** THE PROBLEM **
Exact copy, pictures excluded: the lines from the one containing "ASUS RT-AX5400 traadita" to the end of the listing.

** SOURCE MATERIAL **

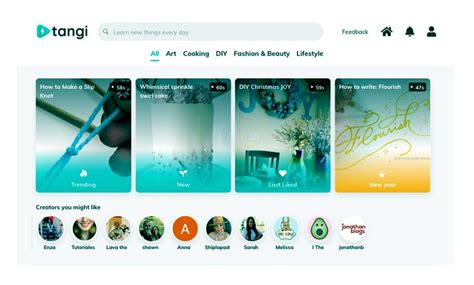 Google's TikTok Rival 'Tangi' Lets You Watch, Share 60-Second DIY ...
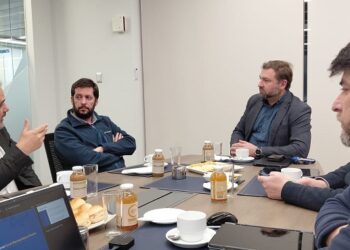 CGE se junta con el diputado Juan Irarrázaval para mostrar el Plan Invierno 2025.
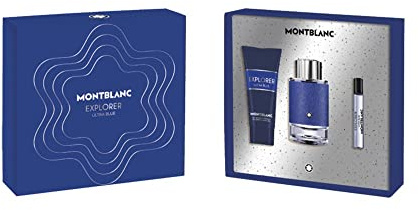 Montblanc Explorer Ultra Blue, 0.75 pounds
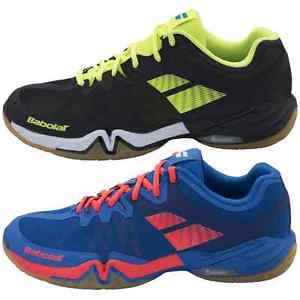 BABOLAT SHADOW TOUR NEW 110€ badminton squash indoor shoes propulse team 2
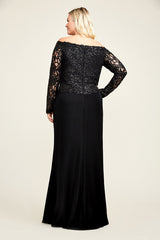 Allyson Evening Gown - PLUS SIZE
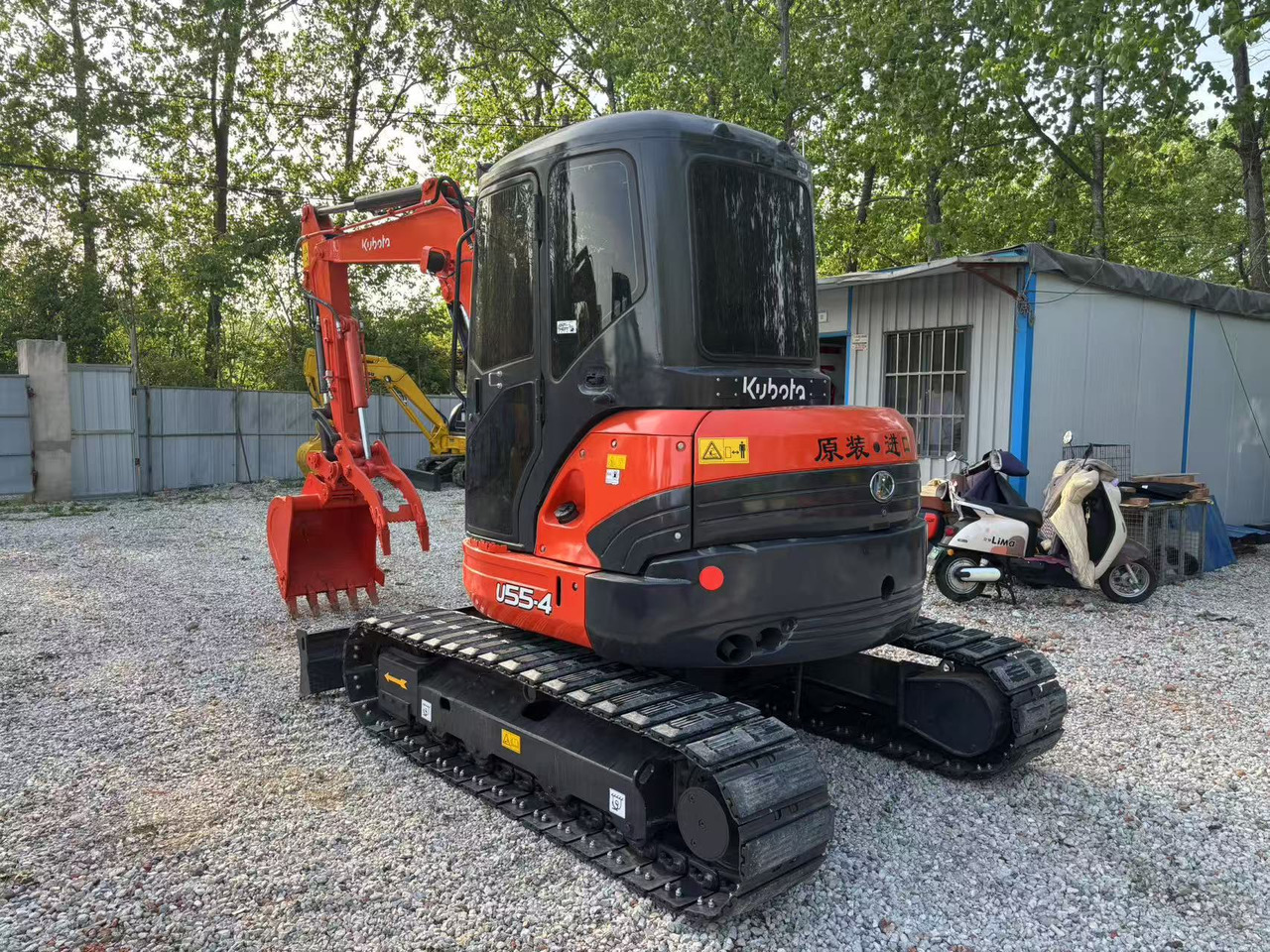 KUBOTA U55-4 - Мини-экскаватор: фото 3 KUBOTA U55-4 - Мини-экскаватор: фото 3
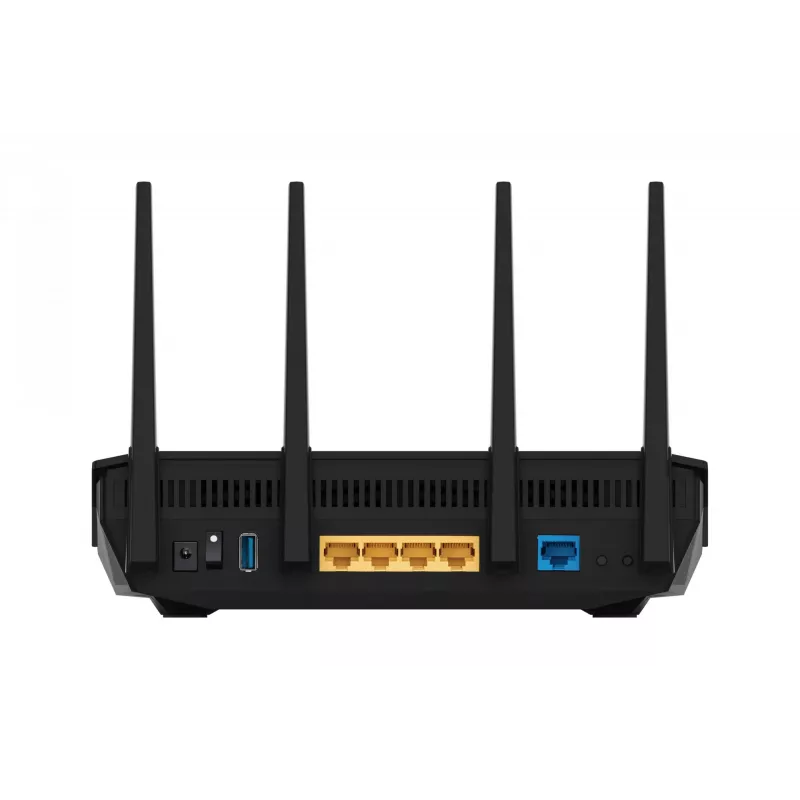 ASUS RT-AX5400 traadita ruuter Gigabit Ethernet Kaheriba (2.4 GHz / 5 GHz) Must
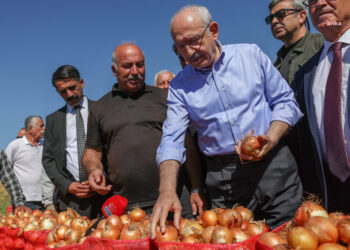 Kılıçdaroğlu Ankara’da üreticiler ve tarım işçileriyle bir araya geldi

** OUTPUT OF THE TASK **
 ASUS RT-AX5400 traadita ruuter Gigabit Ethernet Kaheriba (2.4 GHz / 5 GHz) Must
 Kılıçdaroğlu Ankara’da üreticiler ve tarım işçileriyle bir araya geldi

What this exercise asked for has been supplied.